An overwhelming 98.3 percent of homeless or unhoused students are students of color, with 81.2 percent being Black students and 15.6 percent being Latinx students.
In an interview with ESSENCE, Davis Gates, who for more than 10 years has, along with CTU members, demanded smaller classes, adequate school nursing coverage, and respect for students and educators on the south and west sides of the city, said that the number is more than likely higher than that now.
“We have a number of students who are just couch surfing,” the fierce advocate said. “We try to be conservative in our estimates, so that those who don’t support our fight don’t have an opportunity to say ‘gotcha,’ but the number is probably closer to 25,000 students.”
Speaking to how layered the structural inequities are, Davis Gates continued, “If you want to know if white supremacy is real, try negotiating a school contract where you are actually fighting for equity—class size, nurses, social workers and counselors, and school buildings. We have to have an answer that meets the needs of our students on a daily basis, and our leadership has failed us continuously.”
Davis Gates added, “Black people are being evicted from the city of Chicago.
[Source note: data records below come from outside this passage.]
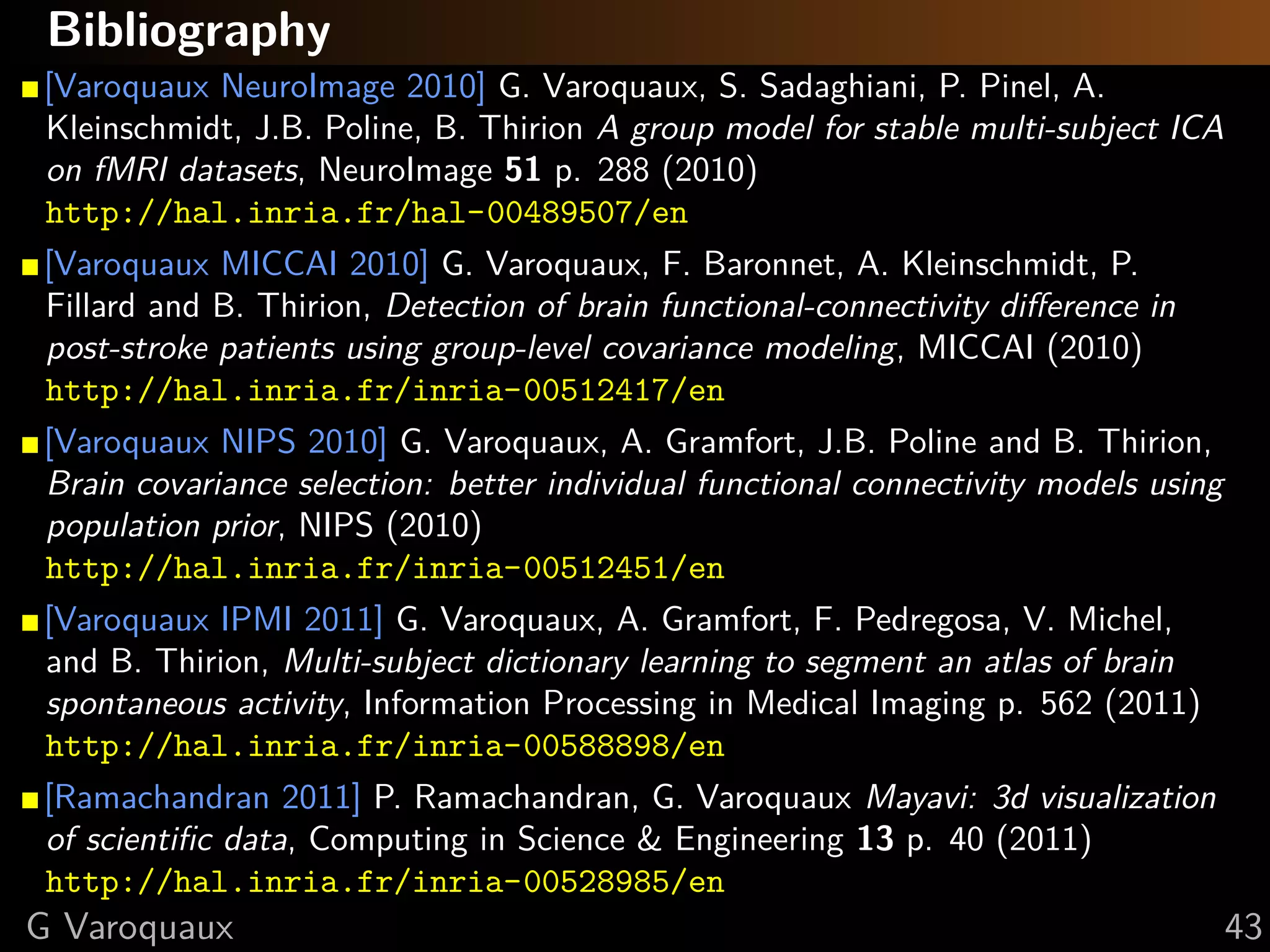 Bibliography
[Varoquaux NeuroImage 2010] G. Varoquaux, S. Sadaghiani, P. Pinel, A.
Kleinschmidt, J.B. Poline, B. Thirion A group model for stable multi-subject ICA
on fMRI datasets, NeuroImage 51 p. 288 (2010)
http://hal.inria.fr/hal-00489507/en
[Varoquaux MICCAI 2010] G. Varoquaux, F. Baronnet, A. Kleinschmidt, P.
Fillard and B. Thirion, Detection of brain functional-connectivity diﬀerence in
post-stroke patients using group-level covariance modeling, MICCAI (2010)
http://hal.inria.fr/inria-00512417/en
[Varoquaux NIPS 2010] G. Varoquaux, A. Gramfort, J.B. Poline and B. Thirion,
Brain covariance selection: better individual functional connectivity models using
population prior, NIPS (2010)
http://hal.inria.fr/inria-00512451/en
[Varoquaux IPMI 2011] G. Varoquaux, A. Gramfort, F. Pedregosa, V. Michel,
and B. Thirion, Multi-subject dictionary learning to segment an atlas of brain
spontaneous activity, Information Processing in Medical Imaging p. 562 (2011)
http://hal.inria.fr/inria-00588898/en
[Ramachandran 2011] P. Ramachandran, G. Varoquaux Mayavi: 3d visualization
of scientiﬁc data, Computing in Science & Engineering 13 p. 40 (2011)
http://hal.inria.fr/inria-00528985/en
G Varoquaux                                                                          43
We live in a city that closed 50 schools, Black schools, at one time; now, juxtapose that with the Chicago Housing Authority sitting on about one billion dollars in surplus, while we’re struggling with a tragically high number of homeless students. We’re leveraging our power as educators, in this moment, to service students and bring attention to the gross inequities we must dismantle to push forth a bolder vision for our children and for this city.”
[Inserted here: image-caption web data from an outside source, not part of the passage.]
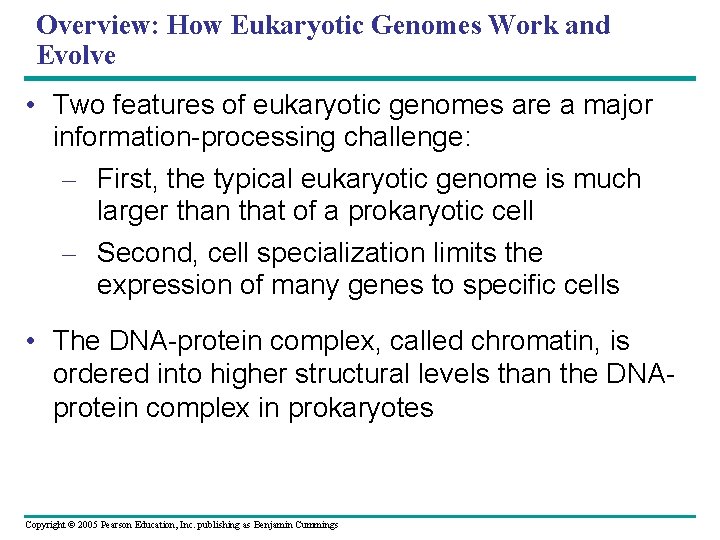 Overview: How Eukaryotic Genomes Work and Evolve • Two features of eukaryotic genomes are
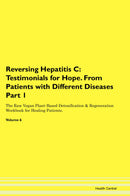 Reversing Hepatitis C: Testimonials for Hope. From Patients with Different Diseases Part 1 The Raw Vegan Plant-Based Detoxification & Regeneration Workbook for Healing Patients. Volume 6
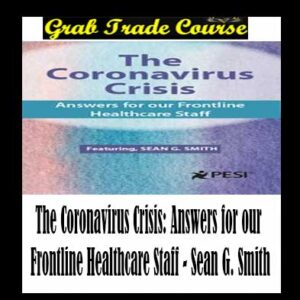 The Coronavirus Crisis: Answers for our Frontline Healthcare Staff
If no contract deal is reached between CPS and CTU, teachers will strike on Oct. 17. If that happens, Chicago Public Schools CEO Janice Jackson insisted that school buildings will remain open for parents, and that students will be offered a meal and “productive activity.”
Speaking to the hypocrisy of CPS offering students a meal, while simultaneously arguing that it’s not the appropriate time to negotiate for affordable housing, Davis Gates says that’s not enough.
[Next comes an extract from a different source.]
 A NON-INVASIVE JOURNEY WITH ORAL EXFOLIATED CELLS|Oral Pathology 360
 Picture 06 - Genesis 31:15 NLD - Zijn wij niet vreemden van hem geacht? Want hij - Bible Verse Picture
“Our students need more than a safe space and warm meal,” she tells ESSENCE. “They need an opportunity to transcend poverty. And that happens through providing housing, smaller class sizes, school nurses, librarians, and counselors. Our imagination in this moment is a lot bolder than what our children have been offered. The way that Chicago functions now, the city depends on the adjustment of Black people to accept little to nothing when they deserve more. This contract seeks to transcend that, and we have the perfect opportunity to do so.”
And, frankly, Lightfoot and Jackson should not be roadblocks to justice and equity for Black students, Davis Gates tells ESSENCE.
“We have a mayor that ran on fighting for racial justice and racial equity,” she said. “We have a school leader who understands poverty and racism. There is zero reason why this can’t be done. Lightfoot and Jackson should want to create a just and equitable world where there are more little Black girls—and little Black boys—who are able to walk in their footsteps.”